INSTRUCTIONS FOR THE TASK
Using the material below, return exactly the lines between the one holding "Fir Christmas Tree🎄" and the one holding "Guest Edit Dress Iris Bloom", inclusive, and no others.
* * * * *
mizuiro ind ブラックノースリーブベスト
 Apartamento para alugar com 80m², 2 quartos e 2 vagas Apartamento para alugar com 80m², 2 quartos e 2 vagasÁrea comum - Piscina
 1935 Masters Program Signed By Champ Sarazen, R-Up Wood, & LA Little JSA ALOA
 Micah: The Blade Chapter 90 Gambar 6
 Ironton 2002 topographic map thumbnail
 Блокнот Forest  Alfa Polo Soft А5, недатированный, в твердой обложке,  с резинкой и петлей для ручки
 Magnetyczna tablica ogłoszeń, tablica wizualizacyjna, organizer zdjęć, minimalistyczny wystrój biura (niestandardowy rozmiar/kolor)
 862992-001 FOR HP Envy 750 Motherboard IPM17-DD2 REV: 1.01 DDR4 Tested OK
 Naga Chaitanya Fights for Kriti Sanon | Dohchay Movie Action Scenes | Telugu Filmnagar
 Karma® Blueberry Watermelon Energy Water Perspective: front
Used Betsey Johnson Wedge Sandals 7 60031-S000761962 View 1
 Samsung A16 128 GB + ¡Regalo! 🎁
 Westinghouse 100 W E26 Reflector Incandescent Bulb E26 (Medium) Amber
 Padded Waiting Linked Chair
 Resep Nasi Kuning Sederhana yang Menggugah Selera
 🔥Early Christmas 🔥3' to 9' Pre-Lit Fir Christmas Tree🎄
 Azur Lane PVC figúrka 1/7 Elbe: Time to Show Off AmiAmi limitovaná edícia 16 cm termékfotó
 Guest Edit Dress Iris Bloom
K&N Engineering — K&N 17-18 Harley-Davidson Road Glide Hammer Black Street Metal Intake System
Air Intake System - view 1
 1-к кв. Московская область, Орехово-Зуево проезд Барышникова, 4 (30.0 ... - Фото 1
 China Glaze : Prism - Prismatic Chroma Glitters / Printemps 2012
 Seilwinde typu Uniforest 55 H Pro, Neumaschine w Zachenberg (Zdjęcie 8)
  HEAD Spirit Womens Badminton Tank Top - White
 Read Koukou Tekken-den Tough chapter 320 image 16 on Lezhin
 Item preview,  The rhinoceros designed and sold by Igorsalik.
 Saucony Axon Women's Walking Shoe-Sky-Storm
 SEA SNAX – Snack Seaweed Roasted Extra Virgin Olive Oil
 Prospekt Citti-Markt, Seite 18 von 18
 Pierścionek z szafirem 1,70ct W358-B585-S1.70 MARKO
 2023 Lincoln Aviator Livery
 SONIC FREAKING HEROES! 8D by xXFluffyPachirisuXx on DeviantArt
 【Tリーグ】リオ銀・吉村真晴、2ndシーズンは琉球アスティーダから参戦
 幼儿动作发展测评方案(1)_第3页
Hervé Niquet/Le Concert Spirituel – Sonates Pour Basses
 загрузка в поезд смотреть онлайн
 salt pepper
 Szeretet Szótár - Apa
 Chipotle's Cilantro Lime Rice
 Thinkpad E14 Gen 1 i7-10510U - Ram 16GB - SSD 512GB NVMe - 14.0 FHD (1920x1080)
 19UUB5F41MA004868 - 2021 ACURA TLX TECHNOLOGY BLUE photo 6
* * * * *
SOLUTION FOR THIS PROBLEM
 🔥Early Christmas 🔥3' to 9' Pre-Lit Fir Christmas Tree🎄
 Azur Lane PVC figúrka 1/7 Elbe: Time to Show Off AmiAmi limitovaná edícia 16 cm termékfotó
 Guest Edit Dress Iris Bloom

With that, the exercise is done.